Certains tentent de reconstruire quelque chose. D’autres profitent du chaos. Quelques-uns deviennent plus dangereux que les zombies eux-mêmes.

Le road trip permet surtout de conserver l’idée centrale du manga : Akira ne veut pas simplement échapper à la mort. Il veut remplir le temps qu’il lui reste.

Cette différence transforme chaque déplacement. Arriver vivant compte, évidemment. Mais avoir une bonne raison d’être arrivé compte presque autant.

Les zombies ne sont parfois même pas le pire problème

Les morts-vivants de la série peuvent surgir n’importe où.

Ils attaquent en groupe, transforment rapidement certains lieux en pièges et rendent les activités les plus banales dangereuses.

Pourtant, Haro Aso ne fait pas de chaque arc une simple fuite devant une nouvelle horde.

Les humains compliquent largement les choses eux-mêmes.

L’ancien supérieur d’Akira illustre parfaitement cette idée. Même après l’effondrement du monde, certains rapports de domination trouvent encore le moyen de survivre.

D’autres rencontres interrogent la manière dont chacun réagit lorsque les règles habituelles disparaissent.

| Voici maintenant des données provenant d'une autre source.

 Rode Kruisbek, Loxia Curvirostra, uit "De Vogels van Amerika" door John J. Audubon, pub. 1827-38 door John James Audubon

La catastrophe ne rend donc pas automatiquement les gens meilleurs ou pires. Elle enlève surtout une partie des barrières qui les empêchaient de montrer ce qu’ils étaient déjà.

Le travail est l’un des vrais monstres du début

Le premier tome frappe particulièrement juste dans sa représentation de l’épuisement professionnel.

Au départ, Akira arrive dans son entreprise plein d’enthousiasme.

Quelques années suffisent pour le transformer.

Il dort mal, ne prend presque plus soin de lui et n’arrive même plus à imaginer quitter son emploi. Son quotidien absorbe toute son énergie jusqu’à rendre l’idée d’une autre vie presque inaccessible.

L’épidémie zombie agit alors comme une rupture totale.

La plaisanterie est énorme, mais le fond reste très reconnaissable : combien de choses remet-on à plus tard en pensant qu’on aura davantage de temps lorsqu’on travaillera moins, lorsqu’on sera moins fatigué ou lorsque la période compliquée sera passée ?

Akira reçoit une réponse radicale : peut-être que ce « plus tard » n’arrivera jamais.

Profiter de la vie sans transformer le manga en leçon de développement personnel

Avec son titre et sa liste, la série pourrait facilement tomber dans la morale permanente.

Elle évite largement ce piège grâce à l’humour.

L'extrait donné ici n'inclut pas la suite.